3. A method for deodorizing and insect-repelling seahorses using the deodorizing agent according to claim 1, characterized in that, The method includes the following steps: (1) Low-temperature plasma pretreatment: After cleaning and draining the seahorse, place it in a low-temperature plasma generator and treat it for 3-5 minutes in an air atmosphere with a discharge power of 80-120W. (2) Deodorizing and insect-repelling soaking: Immerse the pretreated seahorse in the deodorizing agent and perform ultrasonic-assisted soaking at 10-15℃ for 2-3 hours; (3) Radio frequency vacuum drying: After soaking, the seahorse is taken out and drained, and placed in a radio frequency vacuum drying device. It is dried at a vacuum degree of 0.08-0.09MPa and a temperature of 35-40℃ until the moisture content is 8%-12%.

4. The method according to claim 3, characterized in that, The deodorizing agent is prepared by the following steps: after mixing the raw materials according to claim 1 by weight, add an ethanol aqueous solution with a volume fraction of 40%-50% and a total weight of 6-8 times the total weight of the materials, and perform assisted extraction using a pulsed electric field. The parameters of the pulsed electric field are: electric field strength 25-35kV / cm, pulse frequency 50-70Hz, and treatment time 15-25min; the extract is obtained after fine filtration and concentration.

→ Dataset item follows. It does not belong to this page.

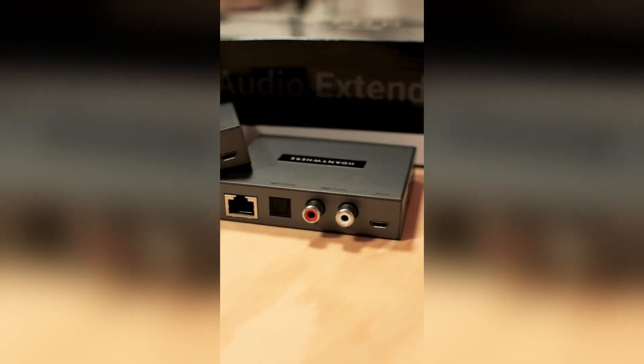By popular request, we introduced the newest addition to our Xtend range, the Xtend Audio 300, used to send digital or analog audio over Cat6 distances up to 300 meters or 984 feet.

5. The method according to claim 3 or 4, characterized in that, In step (1), the discharge power of the low-temperature plasma pretreatment is 100W, the treatment time is 4min, and the air flow rate is 6L / min.

6. The method according to claim 3 or 4, characterized in that, In step (2), the ratio of material to liquid for soaking is 1:5-1:7 (g / mL), the ultrasonic power is 200-300W, and the frequency is 30-40kHz.

7. The method according to claim 4, characterized in that, In step (2), the weight parts of each raw material are: 40 parts of wood milk fruit pulp, 20 parts of Sichuan pepper leaves, 15-18 parts of wood litsea cubeba, and 8-10 parts of licorice extract.

8. The method according to claim 7, characterized in that, The weight proportions of each ingredient are as follows: 40 parts of wood milk fruit pulp, 20 parts of Sichuan pepper leaves, 18 parts of wood litsea cubeba, and 10 parts of licorice extract.

9. A seahorse product, characterized in that, It is prepared by the method described in any one of claims 3-8.